TASK OBJECTIVE — In the data below, find the line containing "Oferuję generalne sprzątanie" and the line containing "Common tansy", then reproduce them and every line between, exactly. Omit pictures.

RECORDS FOR THE TASK —
---+---

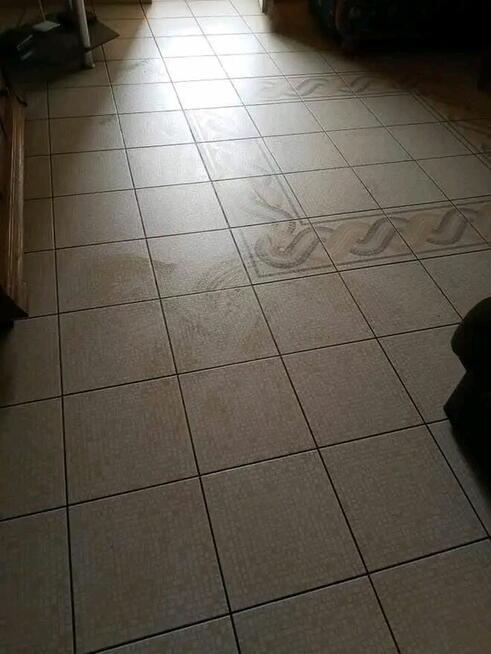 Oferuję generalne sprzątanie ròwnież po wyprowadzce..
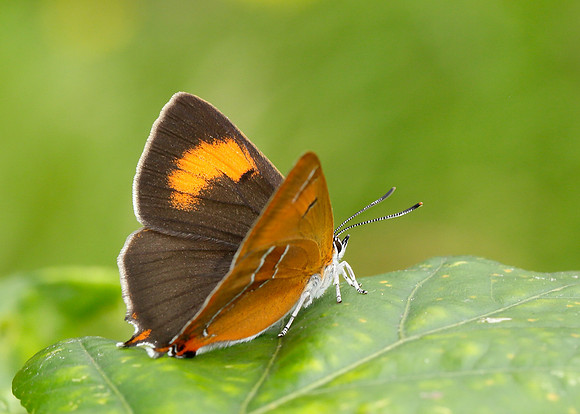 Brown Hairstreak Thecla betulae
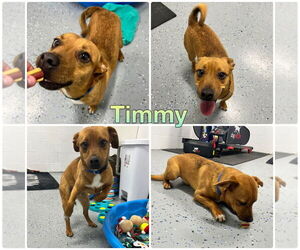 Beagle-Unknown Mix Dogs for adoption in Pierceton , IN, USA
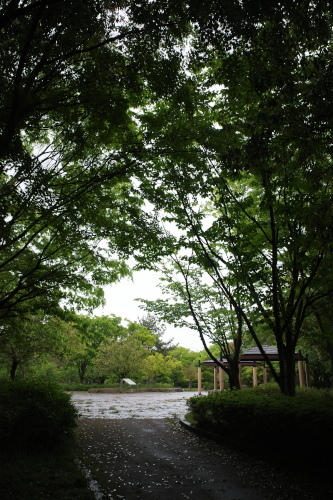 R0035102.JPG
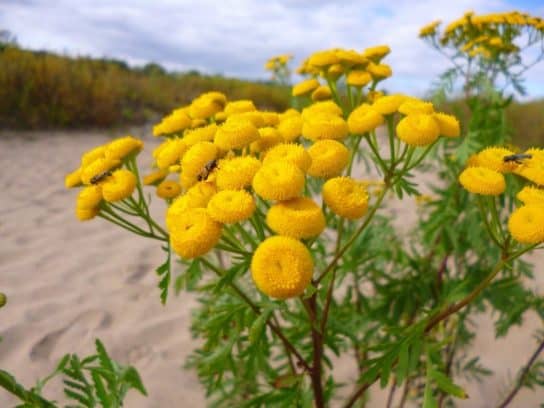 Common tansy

---+---

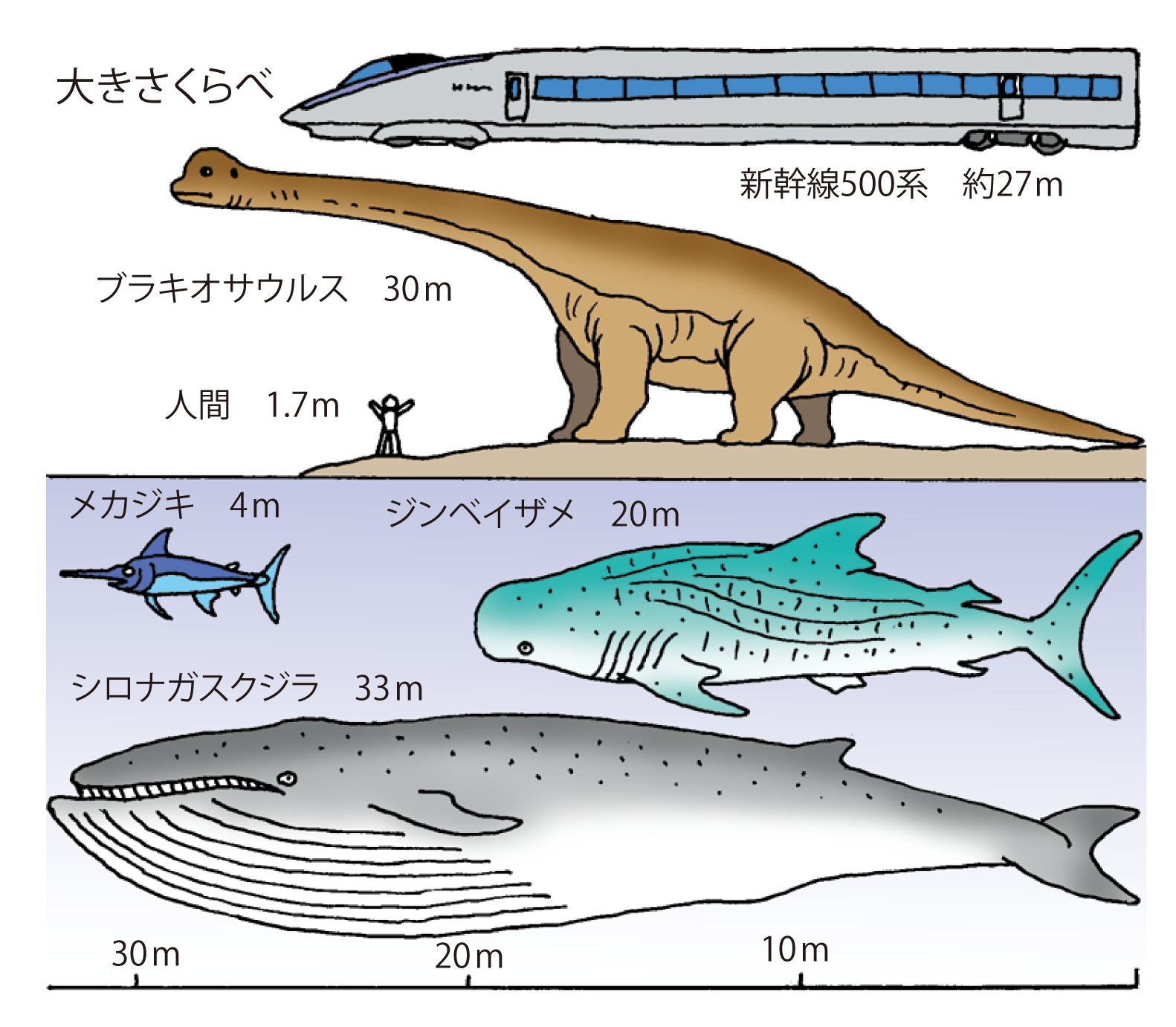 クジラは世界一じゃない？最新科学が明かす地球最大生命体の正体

---+---

COMPLETED TASK —
 Oferuję generalne sprzątanie ròwnież po wyprowadzce..
 Brown Hairstreak Thecla betulae
 Beagle-Unknown Mix Dogs for adoption in Pierceton , IN, USA
 R0035102.JPG
 Common tansy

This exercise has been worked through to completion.